After our lively discussion of the DIY Network's decision not to renew Joe Lamp'l's wonderful "Fresh from the Garden", with 65 commenters chiming in with their own complaints about TV gardening shows, I can't resist relating a recent incident I had with a home and garden show that I won't name (notice the restraint).
The show's producer calls to say they're doing an episode about "edible and stepable gardens" – because they're all the rage these days – and wants to know if I have a client whose "edible and stepable garden" they can film. So I explain that my clients don't have edible gardens and that "STEPABLE" is a brand name, not a type of garden that's a hot new trend. I suggest that one type of garden that IS suddenly a hot topic is the lawnless type. I then e-mailed him lots of examples, some of them even using the creeping perennials now heavily marketed as STEPABLESTM (always with the all-caps).
Next thing I know he's e-mailing me back, asking for the names of my clients with "edible and stepable gardens" that he could film, as though our 20-minute phone call had never happened! Back to square one, with me explaining again that creeping perennials are one type of lawn replacement, that that's just one brand, etc, etc. And he writes back to clarify FOR ME that "stepable" is a commonly understood generic name for a type of garden, "like Kleenex". Uh, no it isn't. But by this point I'm tired of trying to help someone who's clearly not interested in what I have to say.

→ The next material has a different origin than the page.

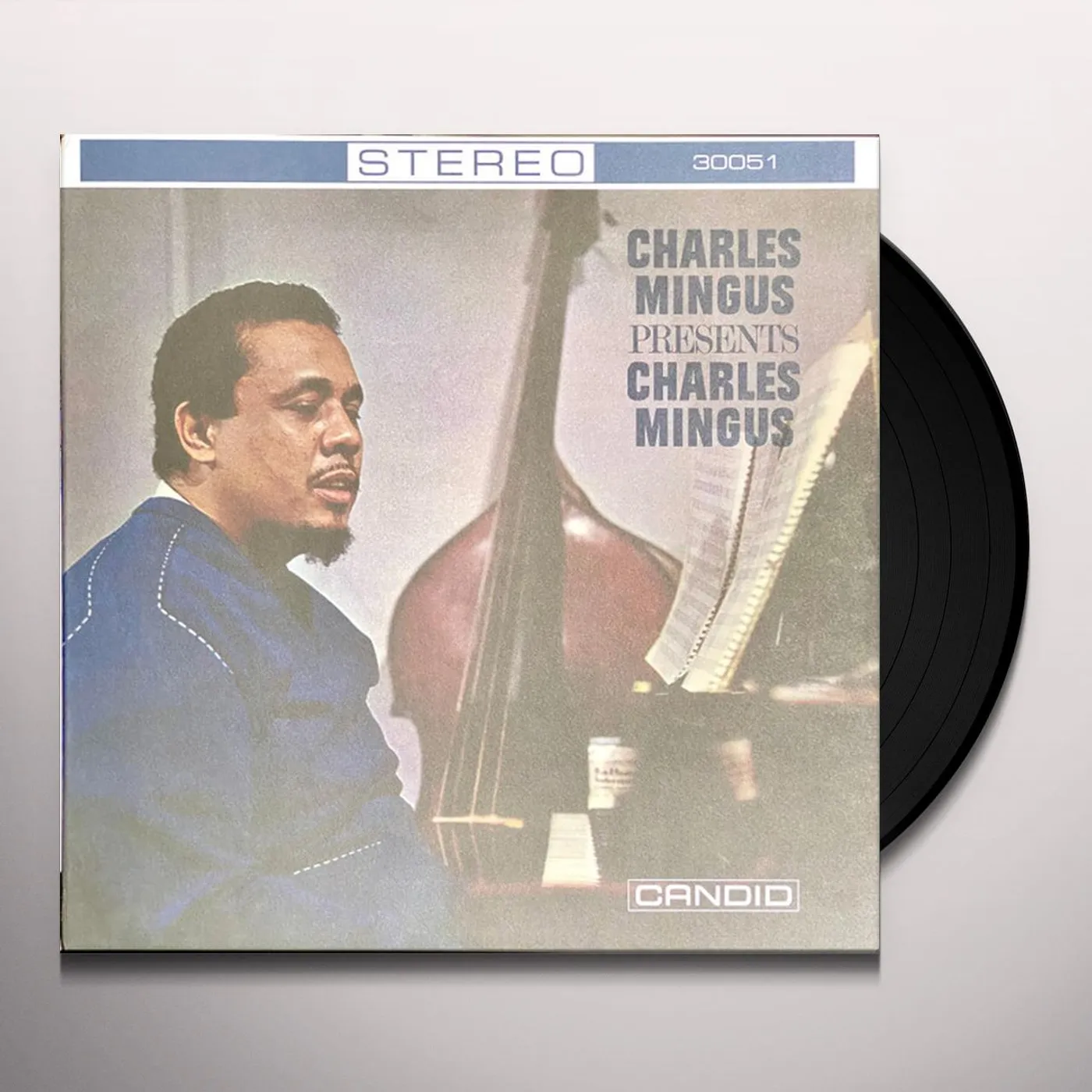 Presents Charles Mingus Vinyl Record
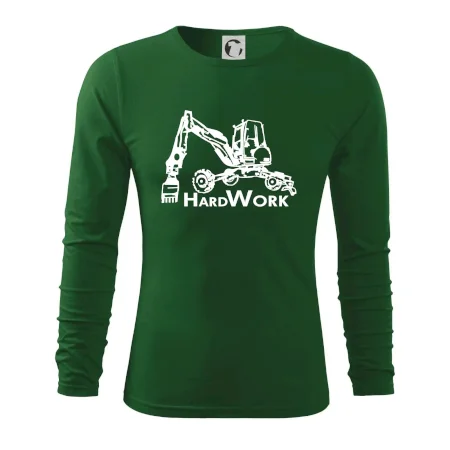 Hard Work kráčivý bagr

Later I related the story to the landscape designer who'd given this guy my name. The producer had likewise asked HER for clients with stepable gardens and she told him she'd never heard the term! (Anyway, if it were really a generic term, isn't the ultimate "stepable" plant good old turfgrass?) So his insistence on using this term as though it really were a commonly understood word for a gardening craze sweeping the nation made us wonder: Hey, are they sponsoring this thing? And is the episode really an infomercial, with edibles thrown in for good measure? That's the only imaginable explanation for the producer's obtuseness.
THE PUNCH LINE
But wait. The most entertaining moment with the TV producer came when I asked when they wanted to do the filming. Get ready for it – mid-March! Yes, we all know how telegenic our veg gardens are in mid-March, just after we've planted our lettuce seeds and the ground is utterly bare. Heck, not even creeping perennials look like much in mid-March around here, no matter what expensive brand name they may carry.